Reuters/Singapore
Afew companies in Hong Kong, India and Singapore are drawing attention with their seemingly adventurous IPO plans in an inhospitable global market, but their fund-raising mission is less foolhardy than it looks.
Interior designer LC Group and construction firm LEAP Holdings are meeting investors in Hong Kong to pitch their offerings. In India, logistics company Navkar Corp is marketing its IPO, while Prabhat Dairy is launching its share sale this week.
In Singapore, autoparts maker Jiangxi Jiangling Chassis Co is drawing up plans to tap the equity market. The deals are small – up to $241mn in total. But their compactness means bankers need fewer investors to fill order books. Smaller offerings also tend to attract retail investors.
But what about the bigger deals? On the radar are a series of sizeable offerings including those of China Reinsurance (Group) Corp, China Huarong Asset Management and Taikang Life Insurance. They would need a big group of institutional investors and an army of retail investors to help take their billion-dollar deals over the finish-line. The companies are slated to launch their IPOs in the second half of the year.

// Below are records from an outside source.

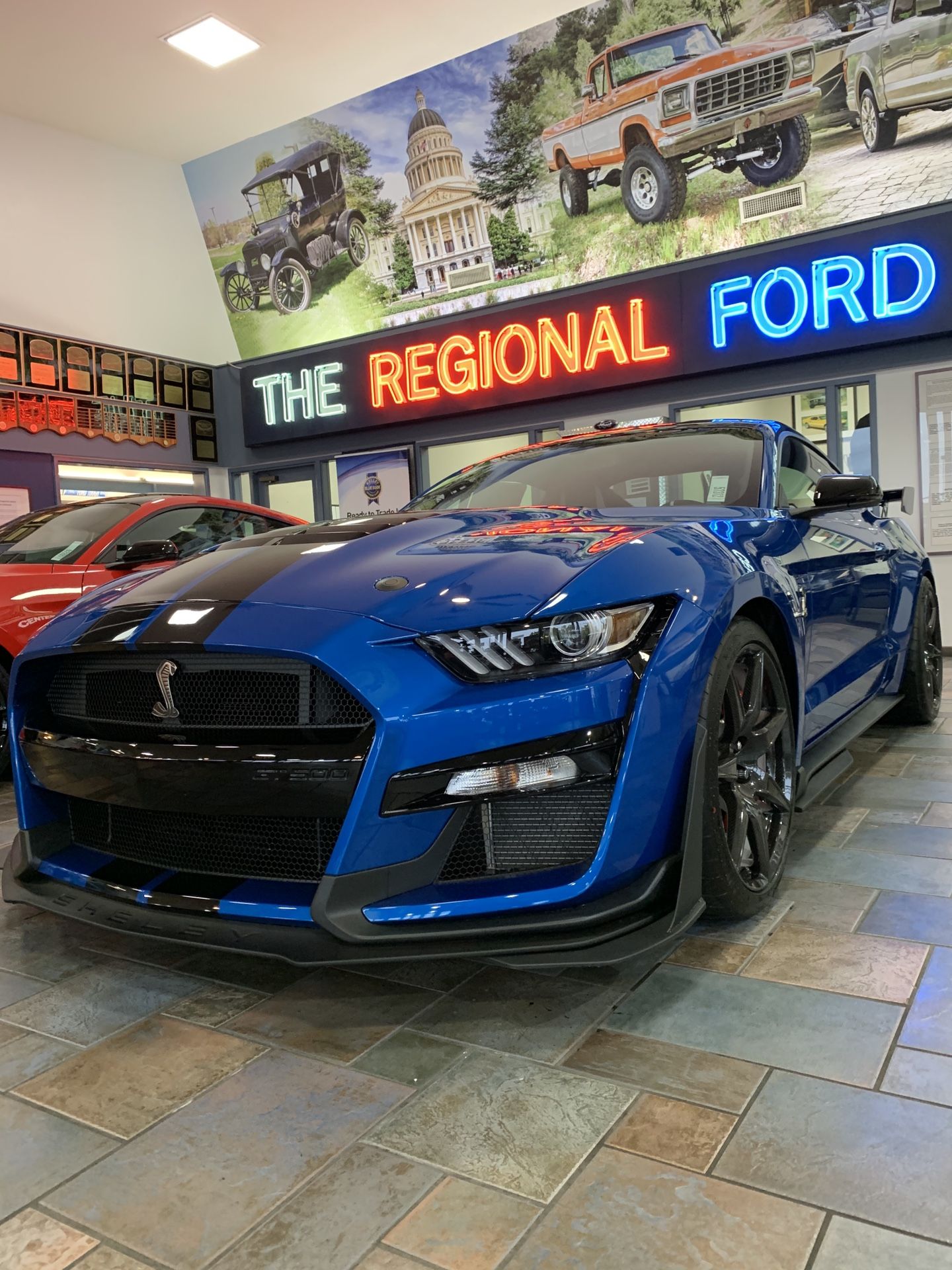 2020 Ford Shelby Gt500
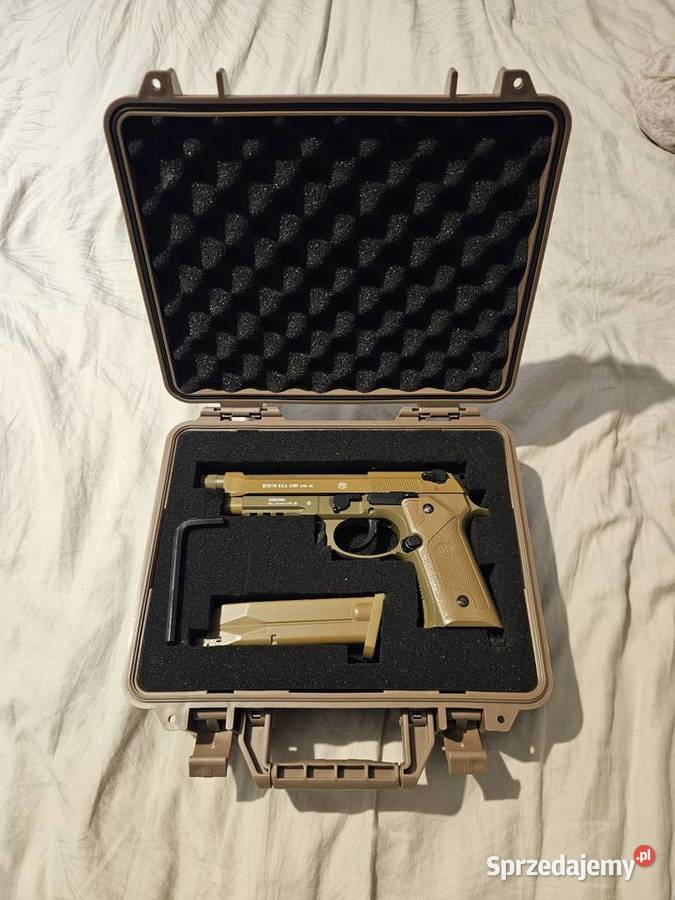 Pistolet co2 beratta wielkopolskie Piła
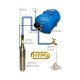 Zestaw 4H6/12D 400V Hydrofor 150L OMNIGENA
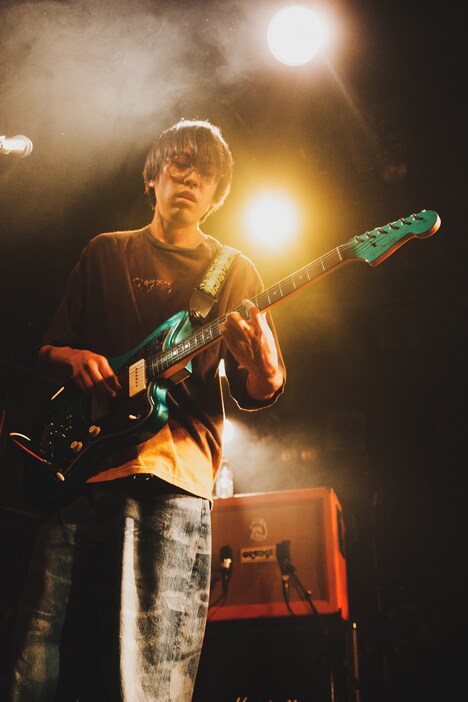 Yosuke Shimonaka（G）（Photo by Koki Nozue）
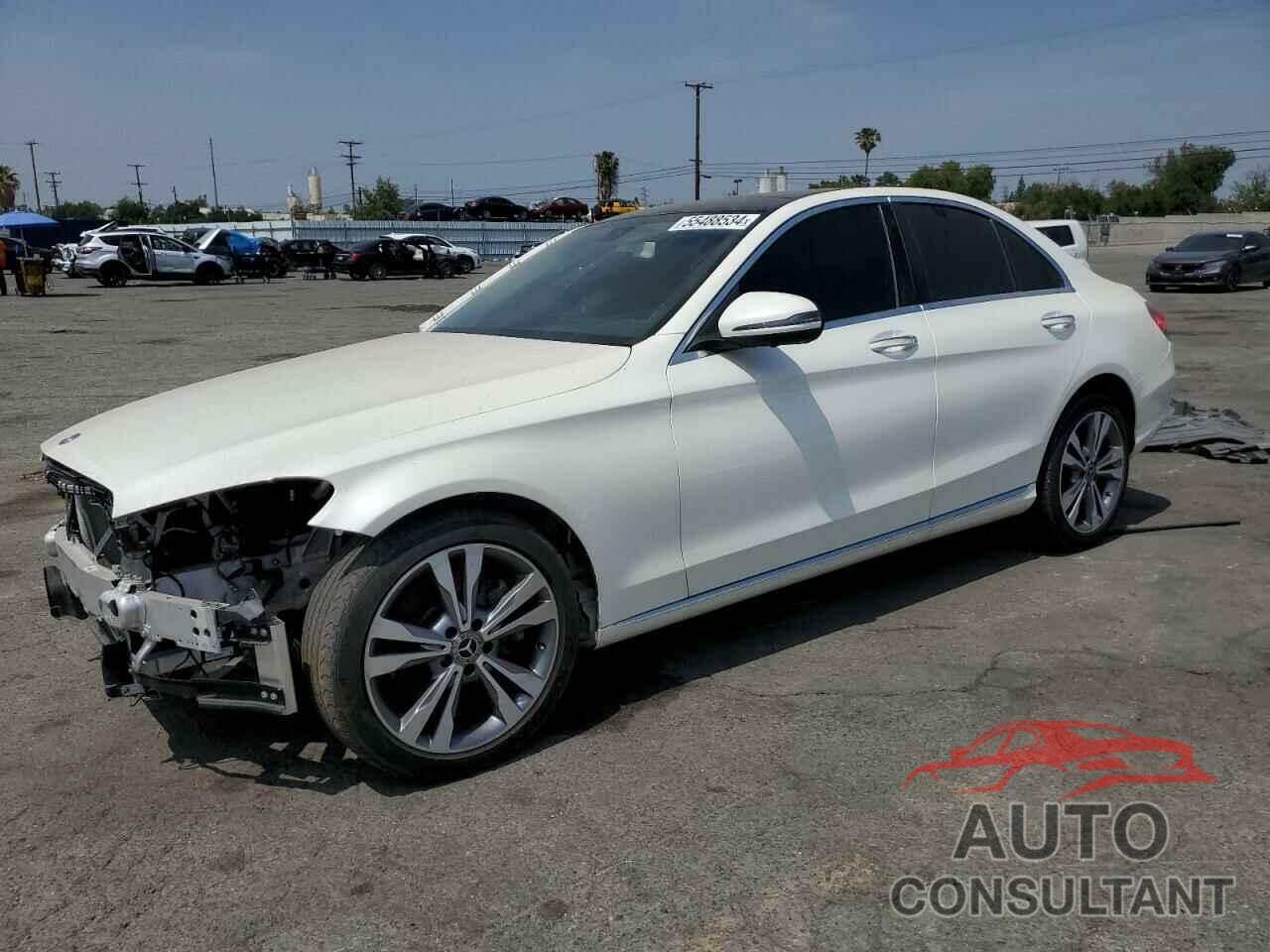 MERCEDES-BENZ C-CLASS 2020 - W1KWF8DB1LR594509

Concerns about a prolonged Chinese economic slowdown and fears over volatile shares could force some companies to delay their deals, stunting the run of IPOs this year. So far in 2015, IPO issuance in the Asia-Pacific has jumped nearly 25% from a year earlier to $44.5bn.
The real test – bankers and analysts say – will be when and if sizeable offerings move ahead in coming weeks.
“A lot of deals will need to be put on hold under these market circumstances,” said Jasper Chan, corporate finance officer at Hong Kong brokerage Phillip Securities. “Markets won’t recover that soon, not this month.
Next year it will get better, but this year I think there’s a lot of uncertainty around the world. It’s not easy to forecast what’s coming.”